- Battle of Borkowo: Part of Polish–Soviet War
| Date | 14–15 August 1920 |
| Location | Borkowo |
| Result | Polish victory Poles achieve strategical advantage; |

Belligerents
- Poland: Russian SFSR

Commanders and leaders
- Colonel Kazimierz Rumsza: General August Kork

Units involved
- Polish Army's Siberian Brigade: Red Army's 11th and 16th Rifle Divisions
- Casualties and losses: 500

= Battle of Borkowo =

The Battle of Borkowo took place on 14–15 August 1920, during the Polish–Soviet War. Polish Army's Siberian Brigade, commanded by Colonel Kazimierz Rumsza, clashed with Red Army's 11th and 16th Rifle Divisions (part of 5th Army under General August Kork). Polish Siberian Brigade was supported by subunits of 9th and 18th Infantry Divisions. The battle took place near the village of Borkowo, where Poles defended the Wkra river crossings.

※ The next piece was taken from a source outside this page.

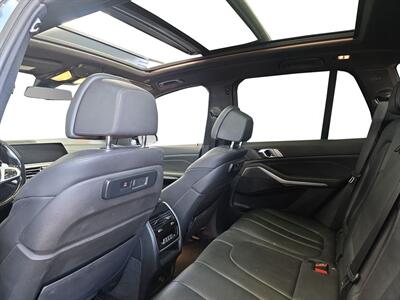 2021 BMW X5 sDrive40i  M SPORT - Photo 14 - Lennox, CA 90304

Following the order of General Józef Haller, who commanded Polish Northern Front, 5th Army (General Władysław Sikorski) began on 14 August 1920 an attack on Soviet 15th Army, which concentrated along the Wkra river.

On 13 August the Siberian Brigade of Colonel Rumsza concentrated in the area of Borkowo and Popielżyn-Zawady, and on the same day, after a 14-hour march from Zegrze, 1st Siberian Infantry Regiment (Major Franciszek Dindorf-Ankowicz) also arrived at Borkowo, tasked with defence of the Wkra crossings. Behind the infantry, Polish artillery took positions, and before midnight, 2nd Siberian Infantry Regiment reinforced Polish defences.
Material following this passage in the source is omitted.